**Task directions**: When you find the line that contains "Municipal Bridge Expansion", restate it and all lines after it exactly, stopping at the end of the material.
------------------------------------------------------------------------
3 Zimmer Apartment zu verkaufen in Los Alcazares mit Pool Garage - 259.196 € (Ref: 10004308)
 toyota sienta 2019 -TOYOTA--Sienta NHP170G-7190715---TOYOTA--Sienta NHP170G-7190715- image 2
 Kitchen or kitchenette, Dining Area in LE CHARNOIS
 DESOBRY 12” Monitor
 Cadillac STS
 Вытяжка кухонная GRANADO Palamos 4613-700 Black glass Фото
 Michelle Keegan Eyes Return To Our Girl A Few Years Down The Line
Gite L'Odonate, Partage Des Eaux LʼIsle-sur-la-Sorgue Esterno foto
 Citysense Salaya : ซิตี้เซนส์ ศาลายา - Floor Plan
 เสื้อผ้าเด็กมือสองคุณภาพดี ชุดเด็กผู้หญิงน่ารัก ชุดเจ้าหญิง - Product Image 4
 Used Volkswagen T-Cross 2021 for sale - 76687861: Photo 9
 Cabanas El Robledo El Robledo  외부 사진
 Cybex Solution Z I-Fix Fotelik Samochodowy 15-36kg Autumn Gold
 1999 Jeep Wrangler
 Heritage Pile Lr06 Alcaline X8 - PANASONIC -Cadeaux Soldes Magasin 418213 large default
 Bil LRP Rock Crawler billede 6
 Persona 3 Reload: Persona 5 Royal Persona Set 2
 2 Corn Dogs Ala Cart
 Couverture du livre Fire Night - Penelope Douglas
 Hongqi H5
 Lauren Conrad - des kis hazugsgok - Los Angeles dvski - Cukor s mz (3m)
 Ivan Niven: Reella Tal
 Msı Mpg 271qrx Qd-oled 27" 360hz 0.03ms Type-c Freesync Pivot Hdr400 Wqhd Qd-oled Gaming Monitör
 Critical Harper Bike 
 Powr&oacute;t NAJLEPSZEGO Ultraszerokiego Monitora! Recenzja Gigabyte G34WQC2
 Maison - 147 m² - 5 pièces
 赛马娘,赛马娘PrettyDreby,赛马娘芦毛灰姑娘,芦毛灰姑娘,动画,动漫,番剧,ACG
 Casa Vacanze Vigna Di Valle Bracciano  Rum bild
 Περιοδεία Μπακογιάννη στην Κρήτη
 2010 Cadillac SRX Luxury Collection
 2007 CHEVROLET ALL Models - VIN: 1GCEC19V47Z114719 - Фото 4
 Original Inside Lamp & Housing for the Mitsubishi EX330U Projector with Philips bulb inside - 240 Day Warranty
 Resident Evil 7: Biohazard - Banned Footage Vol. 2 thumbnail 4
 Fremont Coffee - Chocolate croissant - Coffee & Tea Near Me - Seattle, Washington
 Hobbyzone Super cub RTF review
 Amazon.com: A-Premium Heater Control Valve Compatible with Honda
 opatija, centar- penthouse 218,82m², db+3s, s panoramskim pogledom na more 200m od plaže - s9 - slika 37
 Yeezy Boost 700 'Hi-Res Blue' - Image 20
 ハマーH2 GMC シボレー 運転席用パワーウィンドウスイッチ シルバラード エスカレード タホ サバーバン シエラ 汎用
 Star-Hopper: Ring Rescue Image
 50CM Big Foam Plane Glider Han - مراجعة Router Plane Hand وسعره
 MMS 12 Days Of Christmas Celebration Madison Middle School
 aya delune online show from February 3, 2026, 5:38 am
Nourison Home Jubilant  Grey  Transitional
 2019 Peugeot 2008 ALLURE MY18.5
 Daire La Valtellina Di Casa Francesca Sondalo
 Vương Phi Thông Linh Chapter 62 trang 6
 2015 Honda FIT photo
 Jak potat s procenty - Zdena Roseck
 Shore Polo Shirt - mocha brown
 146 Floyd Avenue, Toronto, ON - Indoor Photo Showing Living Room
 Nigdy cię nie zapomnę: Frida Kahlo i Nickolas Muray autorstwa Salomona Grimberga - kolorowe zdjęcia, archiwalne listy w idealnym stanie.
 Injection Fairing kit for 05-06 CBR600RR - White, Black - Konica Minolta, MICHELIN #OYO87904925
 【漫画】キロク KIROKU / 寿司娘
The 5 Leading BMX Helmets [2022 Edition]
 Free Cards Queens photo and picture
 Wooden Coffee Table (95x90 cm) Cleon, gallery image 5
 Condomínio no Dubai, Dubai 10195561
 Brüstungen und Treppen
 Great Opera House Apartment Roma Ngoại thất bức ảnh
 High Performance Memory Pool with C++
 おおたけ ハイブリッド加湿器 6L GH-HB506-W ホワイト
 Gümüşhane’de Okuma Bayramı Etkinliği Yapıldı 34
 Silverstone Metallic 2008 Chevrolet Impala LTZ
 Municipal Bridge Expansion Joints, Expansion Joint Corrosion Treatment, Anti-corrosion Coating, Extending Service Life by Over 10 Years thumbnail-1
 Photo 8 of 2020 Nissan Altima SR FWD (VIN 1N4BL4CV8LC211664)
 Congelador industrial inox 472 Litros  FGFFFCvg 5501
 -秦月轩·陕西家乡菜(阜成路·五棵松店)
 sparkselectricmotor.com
------------------------------------------------------------------------
**Response to the task**:
 Municipal Bridge Expansion Joints, Expansion Joint Corrosion Treatment, Anti-corrosion Coating, Extending Service Life by Over 10 Years thumbnail-1
 Photo 8 of 2020 Nissan Altima SR FWD (VIN 1N4BL4CV8LC211664)
 Congelador industrial inox 472 Litros  FGFFFCvg 5501
 -秦月轩·陕西家乡菜(阜成路·五棵松店)
 sparkselectricmotor.com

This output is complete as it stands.